Figure 5 – Cayman Memory Hierarchy and Comparisons
Figure 5 shows one partition of the outer memory hierarchy for Cayman, Cypress and Fermi. Cayman and Cypress both have 8 partitions that run at the base frequency. Fermi has a wider memory interface and has 12 partitions, although these blocks run at 600MHz in compute oriented products.
For graphics, the ROPs are responsible for writing a render target out to memory. Each memory channel includes a 16KB color cache, 16 execution units for Z/stencil operations and 4 for color operations (the latter is also used for multi-sample anti-aliasing blends). All of this hardware is re-used for compute workloads in various ways.
Simple stores that access data in multiples of 32-bits can proceed directly from the WCC (for writes) to the memory controllers, along what AMD terms the FastPath. This most closely corresponds to the behavior of the depth buffer in graphics workloads and maps onto similar underlying hardware.
More complicated memory accesses that require global atomics or data type conversion (i.e. smaller than 32-bits) go through additional hardware (the so called CompletePath) and require extra latency and bandwidth. The CompletePath most closely maps to the color buffer path in hardware. The color cache is a fully read/write capable cache with the appropriate ordering semantics; in compute mode it is used for global atomic operations.

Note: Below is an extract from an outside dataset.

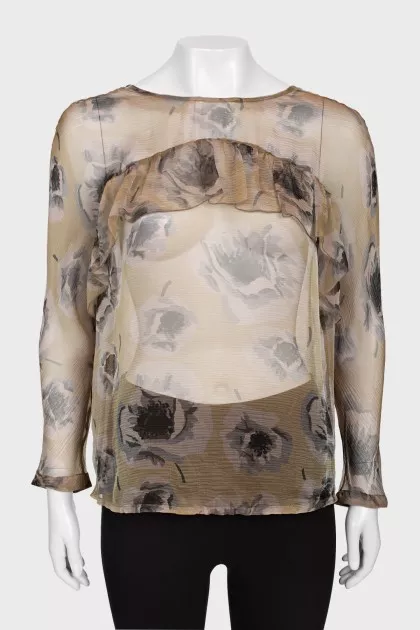 Sheer blouse with ruffles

Atomic operations are split transactions – following the classic pattern of a read-modify-write. First, data is loaded from memory into the color cache and waits for acknowledgement – which can take many cycles. Then the data is modified in the cache, using the color execution units, and written back to memory. Atomic operations that do not return a value can be pipelined and use 2X the bandwidth of a normal store, because they perform both a read and a write.
For atomic operations that return the old unmodified value (e.g. all OpenCL atomics), the bandwidth consumed is even higher. An additional read and write operation to memory are needed to return the original value, increasing the bandwidth requirements by a factor of 4X over the case of a simple non-atomic store.

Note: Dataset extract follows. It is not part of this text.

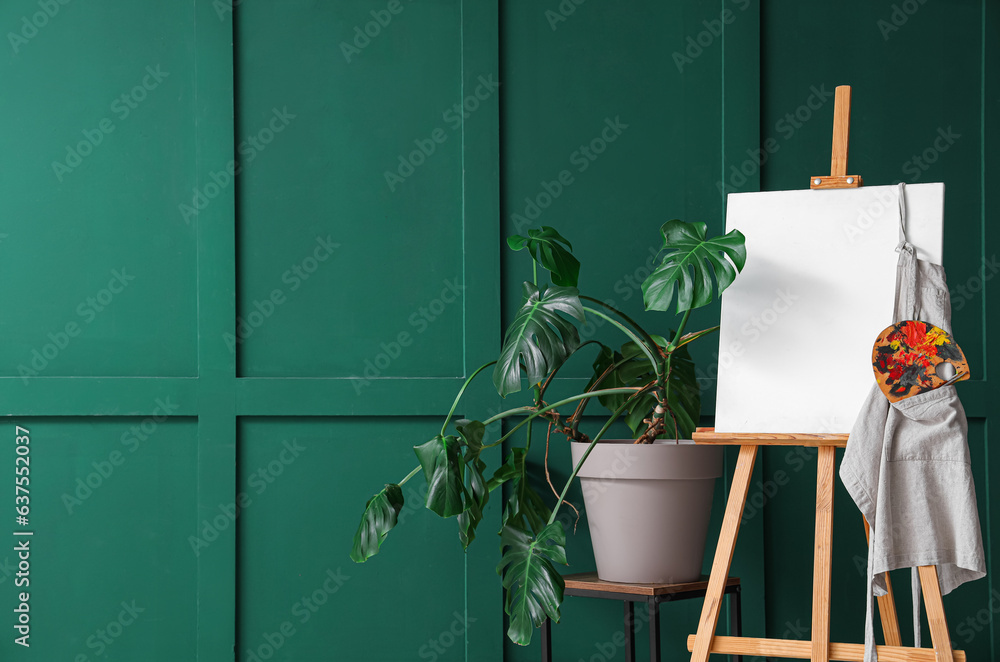 Wooden easel with blank canvas near green wall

The last stop in the memory hierarchy is the actual graphics memory itself. The memory controllers are 64-bits wide and drive two 32-bit GDDR5 channels. The address space is partitioned into 256B blocks and distributed across the 8 memory channels, so a consecutive 2KB access will stripe across all the channels. The goal of the memory controller is to maximize bandwidth, which relies on both coalescing and also write buffering. A challenge with DDR and GDDR memory interfaces is that they are bi-directional, and insert dead cycles to switch between reading and writing data – wasting bandwidth. One of the purposes of the WCCs is to buffer writes over a period of time and then schedule them into a single batch write, reducing the dead cycles and increasing the available bandwidth.

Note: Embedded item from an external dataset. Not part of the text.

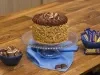 Foto aproximada da receita de Bolo Charge, decorado com amendoins e chocolate, sobre uma bancada de madeira, com alguns bombons Charge ao redor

Fermi’s more programmable memory hierarchy has a L2 cache with 32B lines that is used for both reads and writes. It is weakly ordered, with synchronization enforced between kernels and via explicit instructions. The L2 is also used by the ROPs for graphics and by the atomic execution units for compute workloads. In graphics products, this block runs at the graphics frequency used by fixed function hardware. While in compute products, it can run at a separate frequency (600MHz for the Tesla C2070).